*** INFORMATION SHOWN Section Begins ***

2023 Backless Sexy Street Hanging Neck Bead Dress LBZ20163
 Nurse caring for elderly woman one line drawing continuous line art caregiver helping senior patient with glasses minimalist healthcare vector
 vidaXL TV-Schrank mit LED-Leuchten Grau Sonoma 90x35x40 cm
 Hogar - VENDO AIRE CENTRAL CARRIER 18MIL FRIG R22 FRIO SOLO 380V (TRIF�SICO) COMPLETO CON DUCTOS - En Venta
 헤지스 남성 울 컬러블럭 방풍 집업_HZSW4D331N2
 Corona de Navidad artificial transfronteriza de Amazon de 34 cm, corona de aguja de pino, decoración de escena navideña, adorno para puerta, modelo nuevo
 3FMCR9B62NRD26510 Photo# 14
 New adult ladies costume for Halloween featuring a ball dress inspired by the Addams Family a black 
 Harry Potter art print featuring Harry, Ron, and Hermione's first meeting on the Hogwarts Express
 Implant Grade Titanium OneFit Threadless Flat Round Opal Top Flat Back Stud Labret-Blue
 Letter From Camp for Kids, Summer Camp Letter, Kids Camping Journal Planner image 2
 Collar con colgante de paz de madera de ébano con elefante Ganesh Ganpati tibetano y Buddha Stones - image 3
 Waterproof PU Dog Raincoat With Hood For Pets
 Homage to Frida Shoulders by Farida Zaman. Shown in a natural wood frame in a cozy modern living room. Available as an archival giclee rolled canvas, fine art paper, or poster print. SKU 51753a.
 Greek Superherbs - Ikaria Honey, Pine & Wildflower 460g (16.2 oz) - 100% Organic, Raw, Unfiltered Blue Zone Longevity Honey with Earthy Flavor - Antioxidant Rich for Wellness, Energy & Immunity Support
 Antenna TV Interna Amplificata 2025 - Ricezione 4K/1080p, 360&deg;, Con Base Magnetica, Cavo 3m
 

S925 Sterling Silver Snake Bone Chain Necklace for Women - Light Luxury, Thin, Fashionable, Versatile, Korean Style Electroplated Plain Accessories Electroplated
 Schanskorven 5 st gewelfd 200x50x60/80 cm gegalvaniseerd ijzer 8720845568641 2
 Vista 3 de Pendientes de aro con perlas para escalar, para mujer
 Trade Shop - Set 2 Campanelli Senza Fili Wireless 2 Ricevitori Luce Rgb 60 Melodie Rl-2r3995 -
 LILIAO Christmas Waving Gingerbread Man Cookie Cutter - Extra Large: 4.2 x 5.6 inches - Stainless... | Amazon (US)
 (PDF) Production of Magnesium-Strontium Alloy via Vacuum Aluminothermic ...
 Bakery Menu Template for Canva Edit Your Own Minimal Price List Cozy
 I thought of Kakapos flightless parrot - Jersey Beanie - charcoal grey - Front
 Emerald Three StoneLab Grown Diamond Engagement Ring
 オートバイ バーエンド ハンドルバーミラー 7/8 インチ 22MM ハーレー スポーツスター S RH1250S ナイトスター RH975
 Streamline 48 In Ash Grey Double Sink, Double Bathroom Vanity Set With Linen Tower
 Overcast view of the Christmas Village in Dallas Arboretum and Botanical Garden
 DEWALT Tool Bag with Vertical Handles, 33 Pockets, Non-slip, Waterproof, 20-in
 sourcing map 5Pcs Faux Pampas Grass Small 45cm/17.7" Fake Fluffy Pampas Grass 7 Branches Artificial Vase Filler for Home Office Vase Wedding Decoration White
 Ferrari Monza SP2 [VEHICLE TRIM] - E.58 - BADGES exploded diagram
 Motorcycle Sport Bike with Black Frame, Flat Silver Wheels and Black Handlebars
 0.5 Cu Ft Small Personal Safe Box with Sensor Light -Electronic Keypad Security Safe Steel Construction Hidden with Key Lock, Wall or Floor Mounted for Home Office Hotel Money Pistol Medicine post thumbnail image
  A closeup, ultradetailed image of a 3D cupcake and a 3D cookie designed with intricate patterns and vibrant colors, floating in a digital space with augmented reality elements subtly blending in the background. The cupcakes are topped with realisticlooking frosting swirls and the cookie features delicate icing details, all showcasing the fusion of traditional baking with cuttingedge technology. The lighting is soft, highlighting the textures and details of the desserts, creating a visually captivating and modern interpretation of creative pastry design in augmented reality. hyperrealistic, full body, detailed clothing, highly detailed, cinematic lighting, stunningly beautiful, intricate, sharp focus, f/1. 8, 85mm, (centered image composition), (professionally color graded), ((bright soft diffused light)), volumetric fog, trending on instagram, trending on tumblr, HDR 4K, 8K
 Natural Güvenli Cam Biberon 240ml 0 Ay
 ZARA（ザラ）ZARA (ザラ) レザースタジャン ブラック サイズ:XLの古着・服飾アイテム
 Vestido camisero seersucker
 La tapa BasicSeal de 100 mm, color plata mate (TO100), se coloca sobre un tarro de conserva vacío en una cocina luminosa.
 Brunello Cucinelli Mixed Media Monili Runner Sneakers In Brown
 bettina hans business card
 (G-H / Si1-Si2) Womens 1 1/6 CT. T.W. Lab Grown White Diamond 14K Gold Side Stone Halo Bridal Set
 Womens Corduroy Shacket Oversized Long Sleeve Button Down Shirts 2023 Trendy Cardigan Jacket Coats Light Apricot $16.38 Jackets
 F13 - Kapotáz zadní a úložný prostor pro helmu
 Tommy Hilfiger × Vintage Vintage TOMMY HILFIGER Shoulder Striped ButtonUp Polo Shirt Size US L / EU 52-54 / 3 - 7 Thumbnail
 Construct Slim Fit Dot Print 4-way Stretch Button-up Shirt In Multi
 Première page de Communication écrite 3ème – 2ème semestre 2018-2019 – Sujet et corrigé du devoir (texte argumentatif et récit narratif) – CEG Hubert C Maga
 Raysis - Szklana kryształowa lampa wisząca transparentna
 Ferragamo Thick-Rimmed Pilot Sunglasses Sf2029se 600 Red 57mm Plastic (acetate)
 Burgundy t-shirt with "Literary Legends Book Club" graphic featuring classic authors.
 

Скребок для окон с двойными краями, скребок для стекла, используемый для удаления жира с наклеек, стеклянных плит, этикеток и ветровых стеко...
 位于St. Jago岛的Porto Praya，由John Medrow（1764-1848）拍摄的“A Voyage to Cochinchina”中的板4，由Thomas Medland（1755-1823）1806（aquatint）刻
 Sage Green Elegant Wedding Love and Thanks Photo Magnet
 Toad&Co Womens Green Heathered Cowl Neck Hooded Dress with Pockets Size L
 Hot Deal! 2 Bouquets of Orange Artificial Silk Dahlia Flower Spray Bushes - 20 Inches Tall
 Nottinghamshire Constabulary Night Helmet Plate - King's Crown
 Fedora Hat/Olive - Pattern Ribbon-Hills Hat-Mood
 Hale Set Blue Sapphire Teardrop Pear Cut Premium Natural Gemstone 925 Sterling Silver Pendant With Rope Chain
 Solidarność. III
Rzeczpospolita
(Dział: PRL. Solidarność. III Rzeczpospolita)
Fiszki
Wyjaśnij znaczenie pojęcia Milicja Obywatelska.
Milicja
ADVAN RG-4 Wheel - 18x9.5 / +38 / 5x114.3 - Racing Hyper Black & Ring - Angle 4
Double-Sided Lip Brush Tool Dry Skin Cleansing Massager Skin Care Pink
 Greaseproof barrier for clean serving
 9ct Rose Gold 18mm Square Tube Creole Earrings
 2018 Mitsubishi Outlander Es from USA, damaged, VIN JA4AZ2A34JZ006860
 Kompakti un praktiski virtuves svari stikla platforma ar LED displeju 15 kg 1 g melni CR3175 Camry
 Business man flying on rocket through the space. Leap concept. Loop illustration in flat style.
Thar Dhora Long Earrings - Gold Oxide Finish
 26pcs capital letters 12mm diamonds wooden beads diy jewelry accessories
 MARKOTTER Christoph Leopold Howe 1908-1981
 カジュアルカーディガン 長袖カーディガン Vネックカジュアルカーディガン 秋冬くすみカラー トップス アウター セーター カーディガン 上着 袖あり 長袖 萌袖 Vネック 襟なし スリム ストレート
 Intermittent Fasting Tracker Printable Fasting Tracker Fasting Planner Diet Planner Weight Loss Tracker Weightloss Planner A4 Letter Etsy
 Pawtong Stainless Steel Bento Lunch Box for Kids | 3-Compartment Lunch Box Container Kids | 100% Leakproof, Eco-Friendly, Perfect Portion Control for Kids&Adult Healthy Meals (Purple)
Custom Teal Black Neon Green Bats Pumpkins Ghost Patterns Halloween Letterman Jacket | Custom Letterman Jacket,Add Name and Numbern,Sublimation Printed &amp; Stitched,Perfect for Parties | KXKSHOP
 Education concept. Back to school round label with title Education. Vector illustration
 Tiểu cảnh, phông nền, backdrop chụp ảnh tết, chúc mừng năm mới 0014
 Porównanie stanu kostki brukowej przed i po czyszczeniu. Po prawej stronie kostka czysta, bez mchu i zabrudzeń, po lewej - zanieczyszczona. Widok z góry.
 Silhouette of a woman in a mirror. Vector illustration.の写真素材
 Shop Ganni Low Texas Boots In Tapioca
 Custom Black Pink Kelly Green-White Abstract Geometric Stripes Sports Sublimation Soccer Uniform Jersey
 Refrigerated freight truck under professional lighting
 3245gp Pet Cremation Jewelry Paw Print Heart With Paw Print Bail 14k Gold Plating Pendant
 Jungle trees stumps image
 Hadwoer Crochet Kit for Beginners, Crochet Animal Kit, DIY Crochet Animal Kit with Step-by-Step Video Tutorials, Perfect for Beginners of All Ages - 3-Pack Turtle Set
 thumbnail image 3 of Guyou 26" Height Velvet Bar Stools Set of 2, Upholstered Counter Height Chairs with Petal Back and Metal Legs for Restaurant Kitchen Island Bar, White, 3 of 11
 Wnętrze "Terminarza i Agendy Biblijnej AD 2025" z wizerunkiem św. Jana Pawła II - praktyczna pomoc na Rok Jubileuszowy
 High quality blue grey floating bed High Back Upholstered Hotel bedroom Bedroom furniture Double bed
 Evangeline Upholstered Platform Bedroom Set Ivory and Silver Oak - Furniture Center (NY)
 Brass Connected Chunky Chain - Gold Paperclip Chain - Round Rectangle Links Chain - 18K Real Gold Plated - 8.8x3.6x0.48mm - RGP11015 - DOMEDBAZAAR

*** INFORMATION SHOWN Section Ends ***

YOUR INSTRUCTIONS — What are the lines above, starting at the one with "(G-H / Si1-Si2)" and ending at the one with "Womens Corduroy Shacket"? Give them again exactly, and only them.

EXPECTED ANSWER —
 (G-H / Si1-Si2) Womens 1 1/6 CT. T.W. Lab Grown White Diamond 14K Gold Side Stone Halo Bridal Set
 Womens Corduroy Shacket Oversized Long Sleeve Button Down Shirts 2023 Trendy Cardigan Jacket Coats Light Apricot $16.38 Jackets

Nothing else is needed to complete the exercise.